Category Archives: Metal Jesus Likes

BUILDING A STAR WARS ARCADE MACHINE IN MY HOUSE!!

Carly King unboxes and assembles the Arcade1Up Star Wars arcade cab.

The Star Wars arcade game released in 1983 is like stepping into a time machine that teleports you directly into the cockpit of an X-wing—but with graphics that look like they were designed on an Etch A Sketch. It’s a classic relic from a galaxy not so far away, where the cutting-edge technology of the day meant wireframe graphics and joystick controls that required the reflexes of a Jedi and the patience of Yoda.

When you first approached the machine, it was like encountering a giant, glowing monolith that practically dared you to put in your quarters. The cabinet was decked out in artwork that made you feel like you were about to go on an intergalactic adventure. Once you sat down, though, you quickly realized that the “adventure” consisted of staring at a screen filled with green lines, which somehow represented TIE fighters, turbolasers, and the Death Star.

The controls? Oh, the controls. The joystick was this chunky, plastic thing that felt like it could withstand the force of a Wookiee temper tantrum. It didn’t just move; it clunked into place as you tried to aim your blasters at tiny, geometrical ships that looked like they were drawn by a very ambitious kindergartener.

But once you got into the groove, the game had you hooked. The famous lines from the movie echoed in your ears—”Use the Force, Luke!”—as you navigated the trench run on the Death Star, which was essentially a series of rectangles and trapezoids flying toward you at warp speed. The sound effects were top-notch for the time, with digitized blaster shots and that familiar “pew pew” that made you feel like you were really in the heat of battle.

Surviving long enough to blow up the Death Star was a badge of honor. You’d walk away from the machine with a sense of accomplishment, as well as a slightly sore wrist from manhandling that joystick. And if you really nailed it, you’d get to hear Obi-Wan Kenobi tell you, “The Force will be with you, always,” which was basically the arcade equivalent of a mic drop.

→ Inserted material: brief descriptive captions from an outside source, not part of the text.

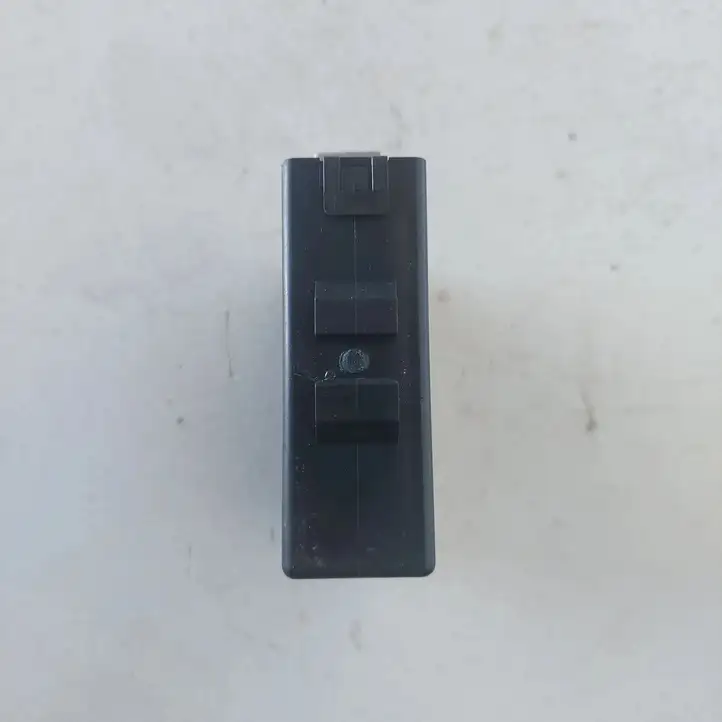 (2017 - ) 8905078012 Блок управления стояночным тормозом — фото 5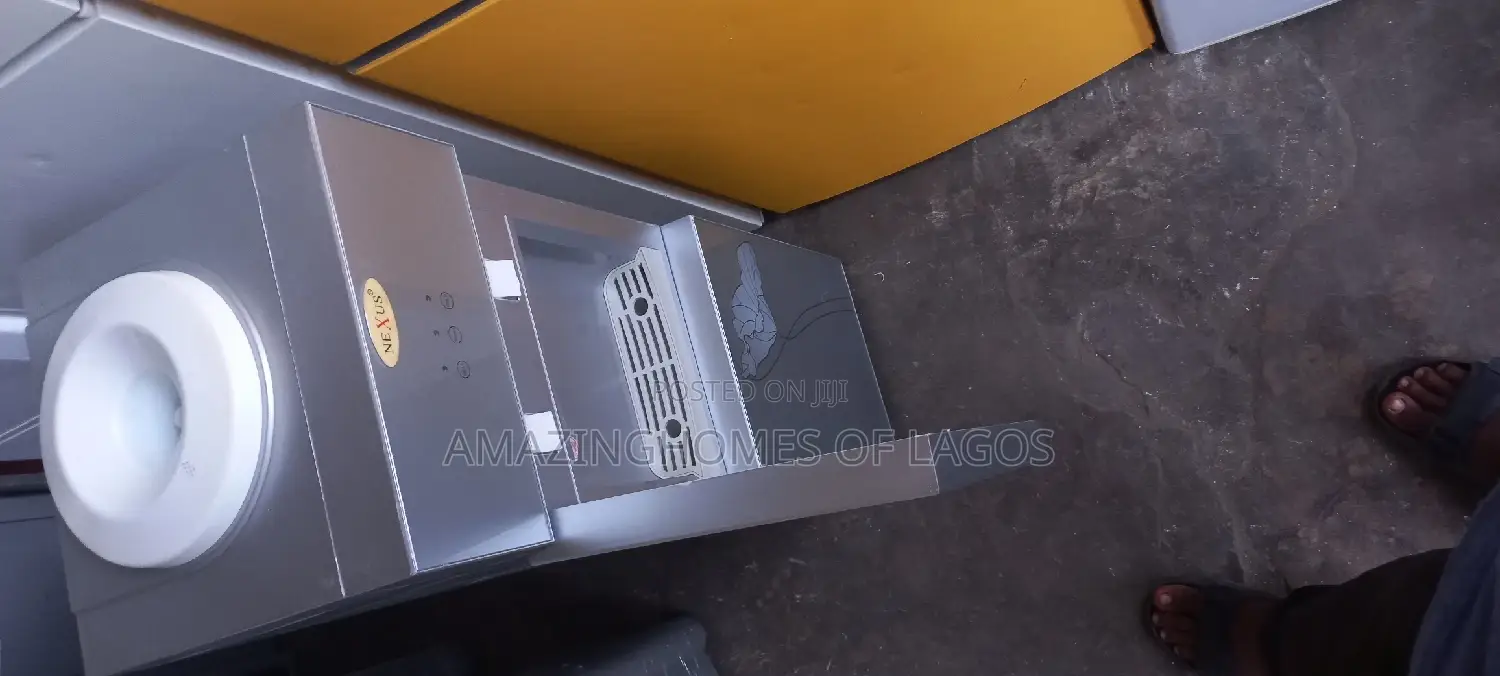 Double Door Water Dispenser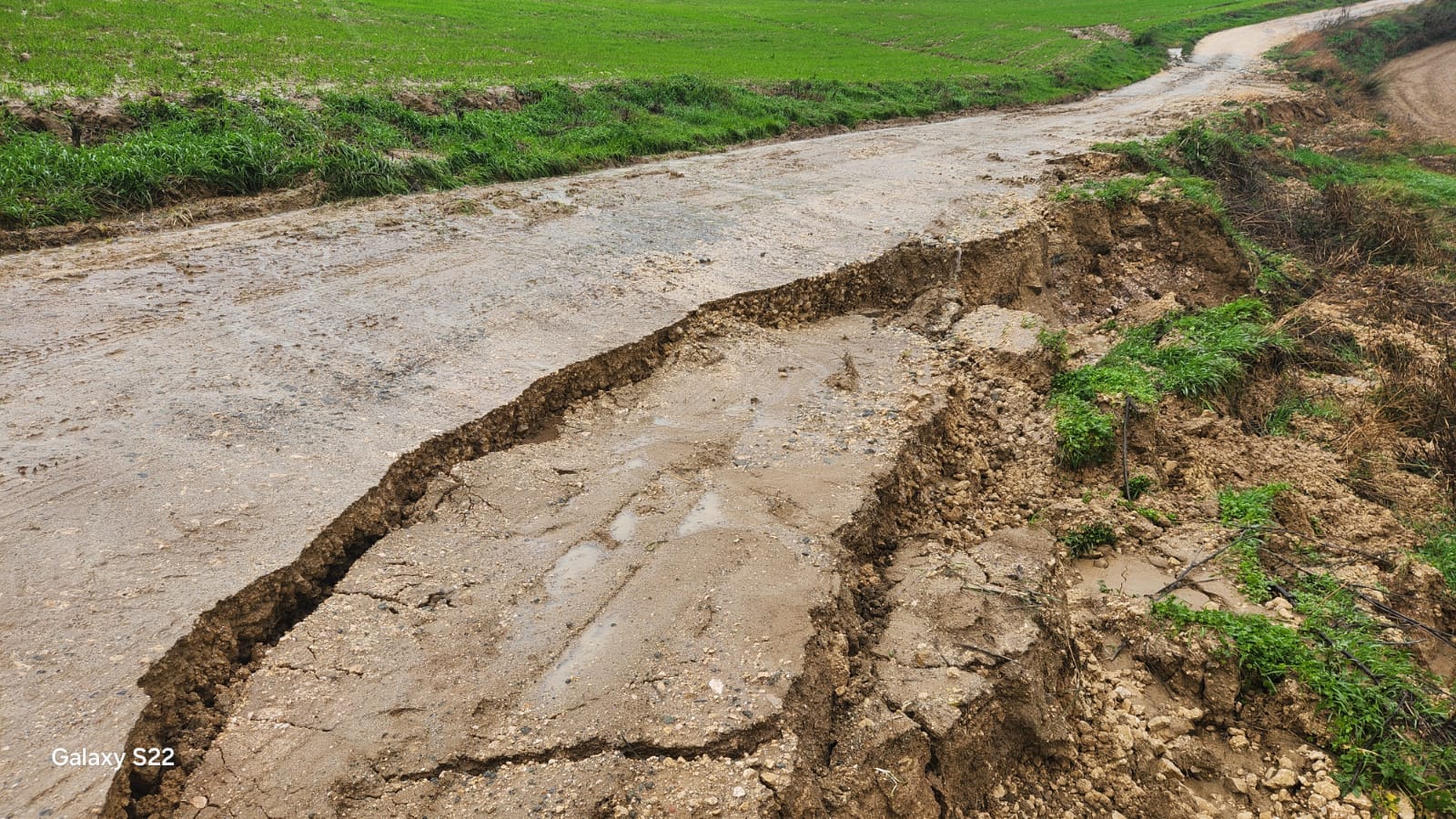 El PSOE de Antequera urge actuaciones en el Sur del Torcal ante el aislamiento de familias y los cortes de agua tras las lluvias 1 627679785 1293767729445649 948136547182196664 n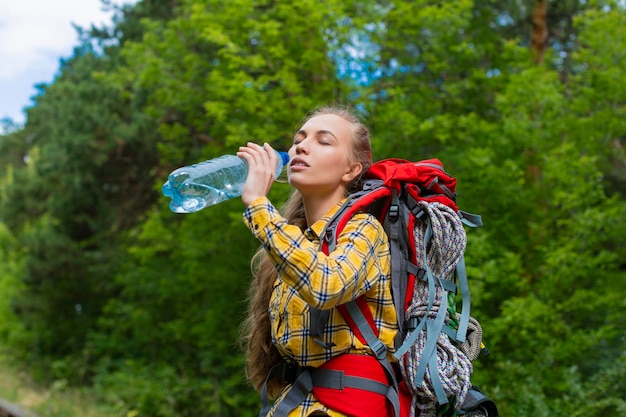 Cerrar foto de una mujer excursionista en el bosque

In short, the *Star Wars* arcade game of 1983 was a glorious, low-res homage to the greatest space opera of all time. It was the ultimate test of skill, endurance, and the ability to pretend that a bunch of green lines were actually spaceships. And for those who mastered it, it wasn’t just a game—it was a way of life.

FOUND 1981 Ferrari 512 BB sitting for over 30 years

Peter discovers a beautiful 1981Ferrari 512BB with super low mileage that has been sitting untouched for decades! However this means it also hasn’t been maintained or serviced..he must negotiate a fair shake with the car’s owner in order to get his hands on this one. After taking it back to the shop, Gary is able to take it for a drive before Bill Wallace comes to take a look at it for a customer of his.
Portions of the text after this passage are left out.